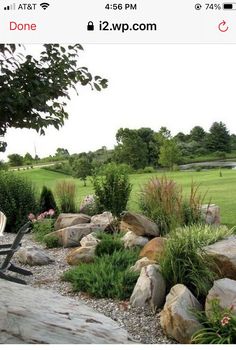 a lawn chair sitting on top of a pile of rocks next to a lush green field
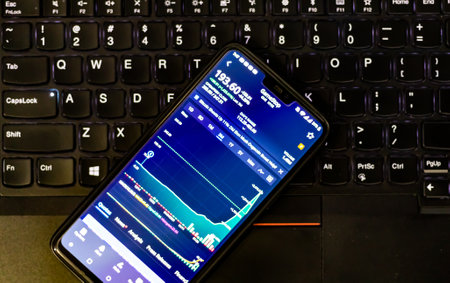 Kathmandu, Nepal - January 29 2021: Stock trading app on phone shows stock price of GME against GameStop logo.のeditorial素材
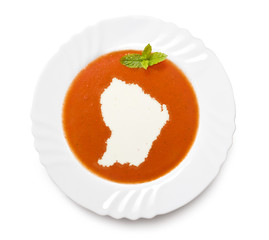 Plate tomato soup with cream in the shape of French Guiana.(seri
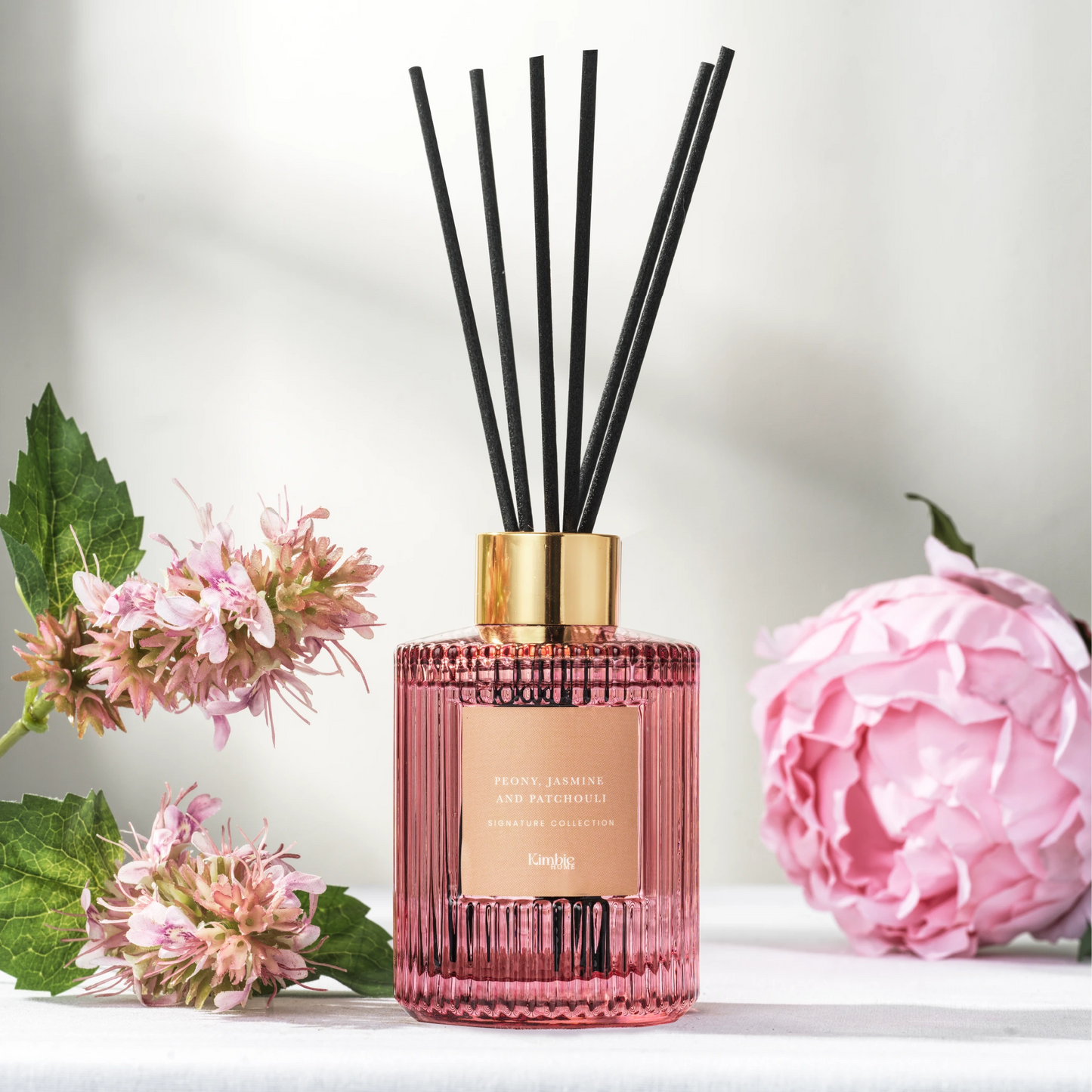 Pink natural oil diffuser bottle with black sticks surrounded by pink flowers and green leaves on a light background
___
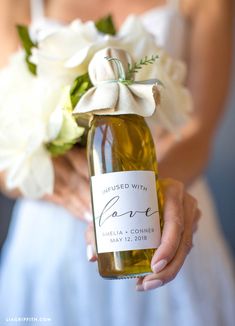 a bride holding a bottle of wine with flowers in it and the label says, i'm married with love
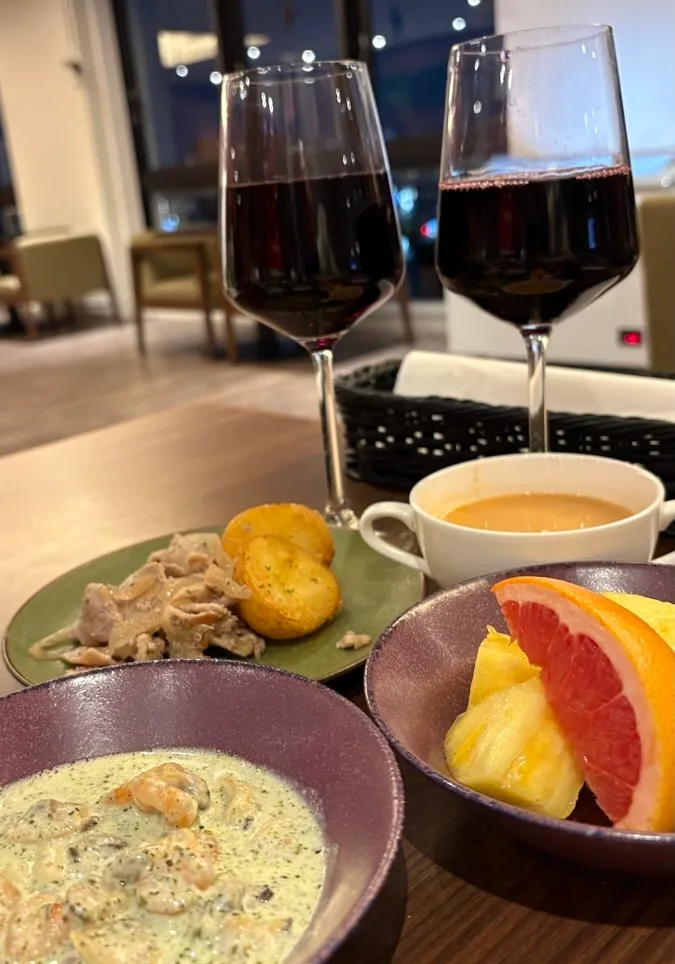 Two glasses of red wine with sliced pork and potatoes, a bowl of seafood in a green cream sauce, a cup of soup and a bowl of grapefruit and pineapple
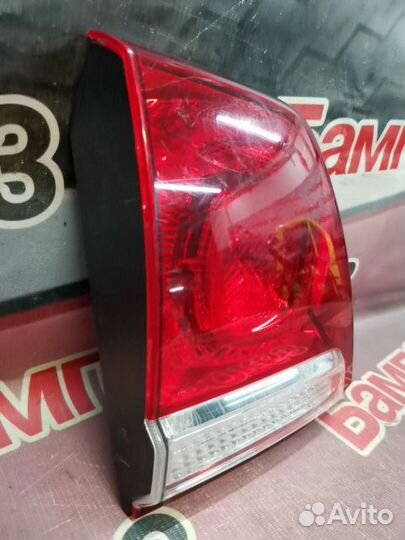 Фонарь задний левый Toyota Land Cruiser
___
▶ YOUR INSTRUCTIONS
Nothing but the lines above from the one that has "a lawn chair" down to the one that has "Pink natural oil" belongs in the answer, copied exactly, without pictures.

▶ RESULT
 a lawn chair sitting on top of a pile of rocks next to a lush green field
 Kathmandu, Nepal - January 29 2021: Stock trading app on phone shows stock price of GME against GameStop logo.のeditorial素材
 Plate tomato soup with cream in the shape of French Guiana.(seri
 Pink natural oil diffuser bottle with black sticks surrounded by pink flowers and green leaves on a light background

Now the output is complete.